A while ago I fielded an unusual bug report about an app crashing on iOS. What was strange was that it only seemed to happen on a freshly rebooted device. My experience with iPhones is that freshly rebooted is when they work best!

The crash was caused by a panic in some Rust code. It complained of an overflow while subtracting a Duration from an Instant. Even if you don’t know Rust this is a straightforward thing to follow: we start with a point in time, we subtract some quantity of seconds from it, and the result is an earlier point in time.

let one_minute_ago: Instant = Instant::now() - Duration::from_secs(60);

It turned out a line almost identical to this was the cause of the crash. Looking at it you might be as surprised as I was. You wouldn’t think that taking the current time and subtracting 60 seconds from it is so controversial, especially to the point of crashing.

The problem stems from Rust’s Instant using monotonic time, a made-up time that doesn’t necessarily correspond to what you see on your clock. Normally this is a very useful property—one_minute_ago is always one minute ago, even if there was a leap second or daylight savings just kicked in.

Perhaps you have already connected the dots: on the iPhone this made-up monotonic time starts at 0 when the system boots and counts upward from there. If you ask for “one minute ago” during the first minute of uptime, the field overflows and Rust panics. The moral of the story: don’t ever create Instants representing times earlier than when your app started.

I don’t intend to blame Rust for this annoying situation. Monotonic time information is completely nonstandard and provided differently from system to system. The documentation lists seven underlying methods that they will use to get the current monotonic time depending on the platform. In the case of Darwin it’s mach_absolute_time, a function which returns “tick units (starting at an arbitrary point)”. Rust could potentially do something like apply a fixed offset to enable a greater working range—but when the platform’s definition is so sloppy and could change at any time, this sort of fix could inadvertently create new problems.

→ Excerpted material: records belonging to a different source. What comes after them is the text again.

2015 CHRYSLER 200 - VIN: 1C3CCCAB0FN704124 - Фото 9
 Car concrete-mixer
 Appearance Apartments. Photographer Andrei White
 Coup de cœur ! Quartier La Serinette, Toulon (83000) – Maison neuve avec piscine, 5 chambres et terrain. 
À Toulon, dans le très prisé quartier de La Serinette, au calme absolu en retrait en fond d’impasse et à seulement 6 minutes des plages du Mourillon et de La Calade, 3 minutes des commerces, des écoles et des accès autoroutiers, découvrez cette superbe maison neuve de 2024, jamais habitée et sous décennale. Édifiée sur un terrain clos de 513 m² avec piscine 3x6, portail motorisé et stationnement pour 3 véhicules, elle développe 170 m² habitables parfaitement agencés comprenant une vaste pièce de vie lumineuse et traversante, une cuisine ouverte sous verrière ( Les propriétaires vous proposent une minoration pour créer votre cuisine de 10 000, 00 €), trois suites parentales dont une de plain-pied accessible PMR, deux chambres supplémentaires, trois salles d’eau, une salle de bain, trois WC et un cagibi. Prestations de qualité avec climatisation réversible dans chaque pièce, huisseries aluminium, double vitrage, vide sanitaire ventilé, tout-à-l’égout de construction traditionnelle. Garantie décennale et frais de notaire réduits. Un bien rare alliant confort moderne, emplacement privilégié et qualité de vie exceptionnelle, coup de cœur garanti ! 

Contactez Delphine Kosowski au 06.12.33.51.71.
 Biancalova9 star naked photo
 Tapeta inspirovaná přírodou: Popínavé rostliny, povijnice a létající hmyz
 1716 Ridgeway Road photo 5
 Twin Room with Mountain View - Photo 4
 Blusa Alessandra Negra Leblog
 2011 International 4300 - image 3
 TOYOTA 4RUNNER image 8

There’s one more quirk I noticed. The uptime on my Mac is currently 7.72 days. If I write a Rust program to subtract from the current time, I can do 4 days okay but 5 days or more crashes. What gives?

It’s possible to debug-print the Instant to see its internal value. I can also write a C program that uses clock_gettime instead, an alternative monotonic clock API. (It happens to be one that Rust uses on other UNIX platforms.) And they give different results on the same machine!

Rust
Instant { t: 348024497167315 }

C clock_gettime
Seconds 667217
Nanos 729228000

The Rust value is 4.02 days’ worth of nanoseconds, while the the clock_gettime result is 7.72 days, perfectly matching my uptime. The difference? mach_absolute_time doesn’t increment while your computer is asleep.

Safest if I just don’t go backwards in time, methinks.